§ DIRECTIONS:
Your answer must be the lines of the entries below, exactly as written, from the first line through the line containing "20120808 IMG 5093".

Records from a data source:
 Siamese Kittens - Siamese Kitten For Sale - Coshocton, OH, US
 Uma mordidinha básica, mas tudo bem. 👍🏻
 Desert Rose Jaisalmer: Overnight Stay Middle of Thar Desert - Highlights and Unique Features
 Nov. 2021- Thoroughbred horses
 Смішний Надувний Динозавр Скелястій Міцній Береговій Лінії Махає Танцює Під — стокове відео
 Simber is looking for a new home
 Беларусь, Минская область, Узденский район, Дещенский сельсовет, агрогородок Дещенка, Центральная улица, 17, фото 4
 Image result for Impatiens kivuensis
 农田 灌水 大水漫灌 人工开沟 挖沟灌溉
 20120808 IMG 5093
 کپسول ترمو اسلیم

§ EXERCISE SOLUTION:
 Siamese Kittens - Siamese Kitten For Sale - Coshocton, OH, US
 Uma mordidinha básica, mas tudo bem. 👍🏻
 Desert Rose Jaisalmer: Overnight Stay Middle of Thar Desert - Highlights and Unique Features
 Nov. 2021- Thoroughbred horses
 Смішний Надувний Динозавр Скелястій Міцній Береговій Лінії Махає Танцює Під — стокове відео
 Simber is looking for a new home
 Беларусь, Минская область, Узденский район, Дещенский сельсовет, агрогородок Дещенка, Центральная улица, 17, фото 4
 Image result for Impatiens kivuensis
 农田 灌水 大水漫灌 人工开沟 挖沟灌溉
 20120808 IMG 5093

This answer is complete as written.